++++ EXERCISE INPUTS
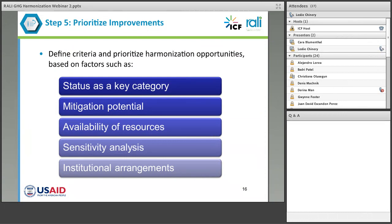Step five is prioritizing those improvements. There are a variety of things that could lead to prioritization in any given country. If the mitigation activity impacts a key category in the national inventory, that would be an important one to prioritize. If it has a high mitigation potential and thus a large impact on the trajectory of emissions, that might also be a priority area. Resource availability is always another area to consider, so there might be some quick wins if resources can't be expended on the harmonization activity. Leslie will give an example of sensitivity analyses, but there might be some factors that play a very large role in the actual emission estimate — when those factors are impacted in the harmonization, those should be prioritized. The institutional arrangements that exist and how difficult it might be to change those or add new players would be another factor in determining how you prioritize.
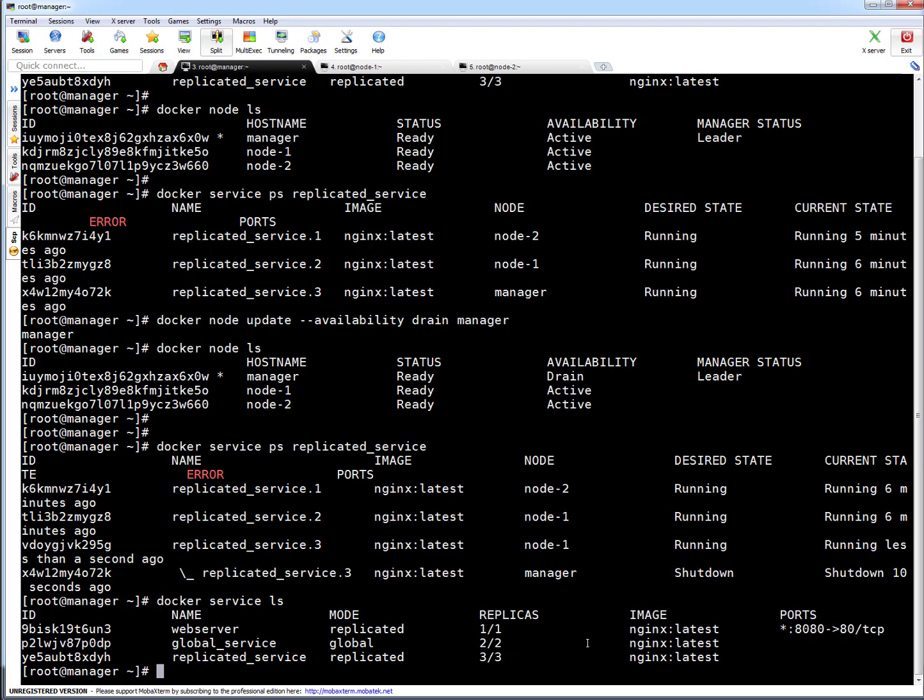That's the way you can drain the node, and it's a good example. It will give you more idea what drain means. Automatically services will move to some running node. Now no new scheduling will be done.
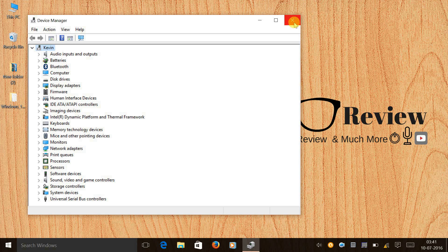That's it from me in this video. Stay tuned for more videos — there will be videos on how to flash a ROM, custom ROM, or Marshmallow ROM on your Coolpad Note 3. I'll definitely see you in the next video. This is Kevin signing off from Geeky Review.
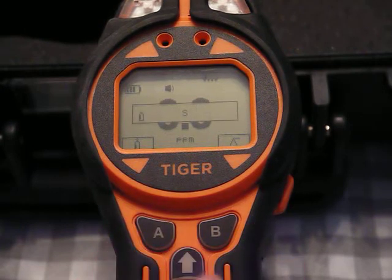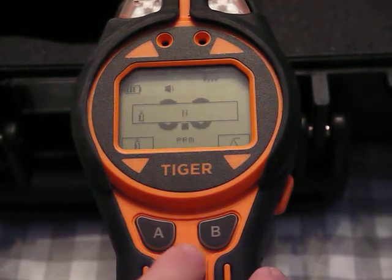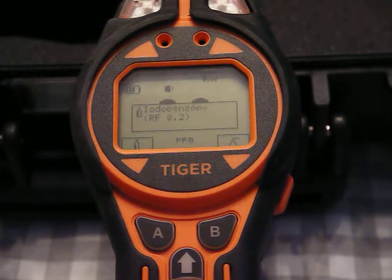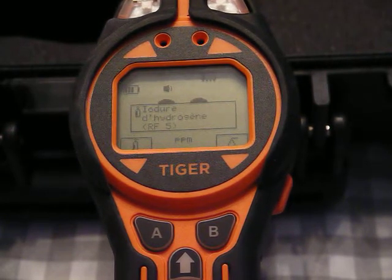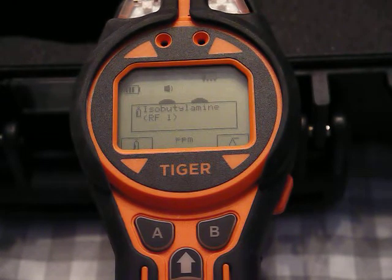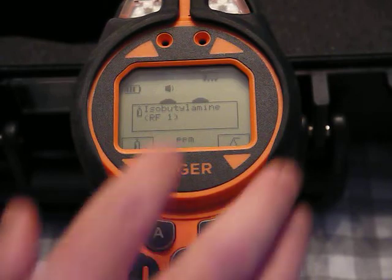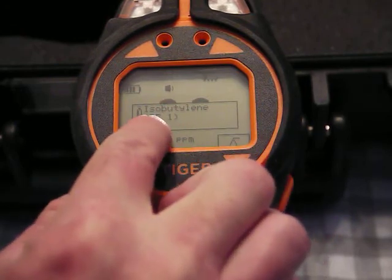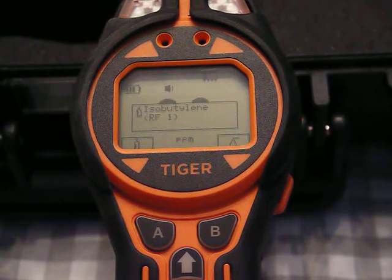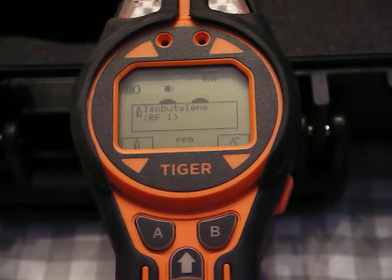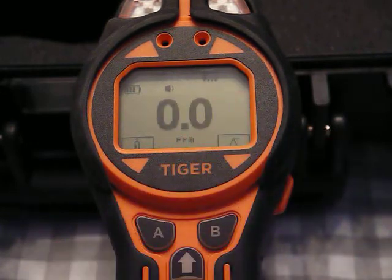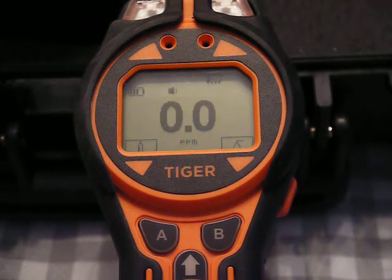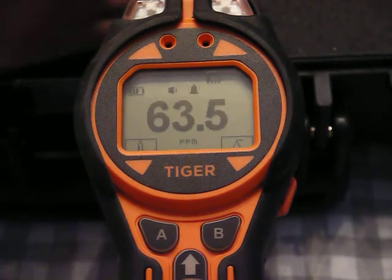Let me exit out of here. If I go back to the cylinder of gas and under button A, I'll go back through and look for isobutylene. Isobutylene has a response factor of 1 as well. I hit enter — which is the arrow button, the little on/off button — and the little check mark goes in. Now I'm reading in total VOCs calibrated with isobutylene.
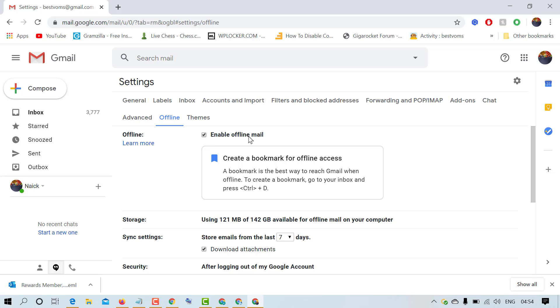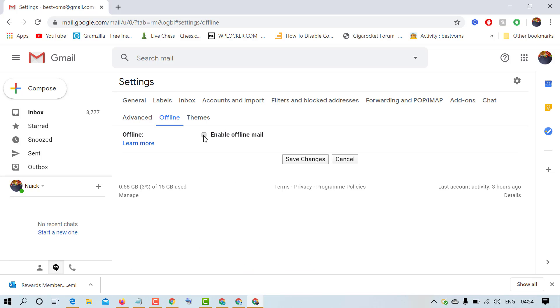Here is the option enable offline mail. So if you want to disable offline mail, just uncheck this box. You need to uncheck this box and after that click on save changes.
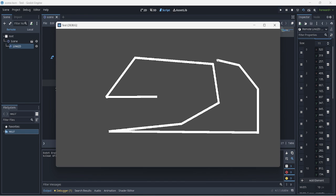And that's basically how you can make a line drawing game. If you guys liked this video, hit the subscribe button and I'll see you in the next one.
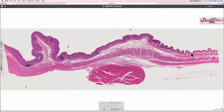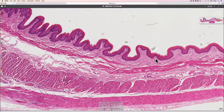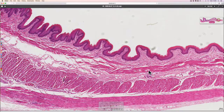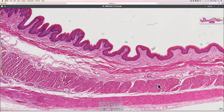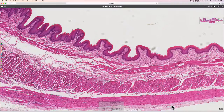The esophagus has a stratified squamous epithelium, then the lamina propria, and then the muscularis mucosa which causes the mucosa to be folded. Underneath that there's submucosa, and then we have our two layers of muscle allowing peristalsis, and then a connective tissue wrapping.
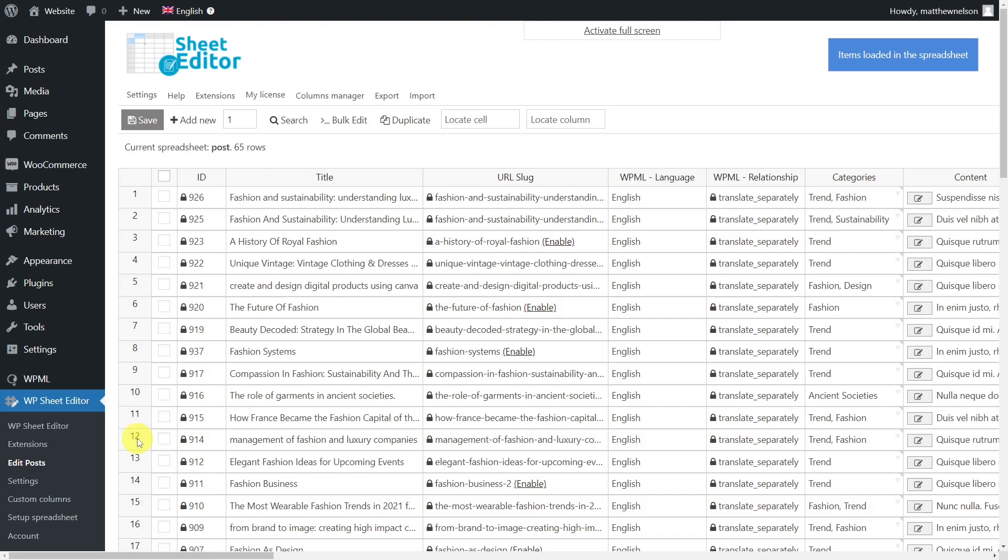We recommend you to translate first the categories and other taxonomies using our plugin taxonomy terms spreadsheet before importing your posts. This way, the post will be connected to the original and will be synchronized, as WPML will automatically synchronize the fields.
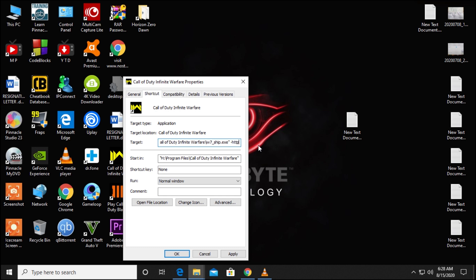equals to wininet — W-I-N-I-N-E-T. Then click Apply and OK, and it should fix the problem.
++++++++
++++ EXERCISE INPUTS
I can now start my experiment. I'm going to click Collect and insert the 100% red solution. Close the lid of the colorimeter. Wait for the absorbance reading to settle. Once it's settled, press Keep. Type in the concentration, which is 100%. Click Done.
++++++++
#### GOAL OF THE EXERCISE
Nothing but the lines above from the line with "Here is the" up to and including the line with "And that's basically" should be returned, exactly as written and without pictures.

#### SOLUTION TO THIS EXERCISE
Here is the option enable offline mail. So if you want to disable offline mail, just uncheck this box. You need to uncheck this box and after that click on save changes.
And that's basically how you can make a line drawing game. If you guys liked this video, hit the subscribe button and I'll see you in the next one.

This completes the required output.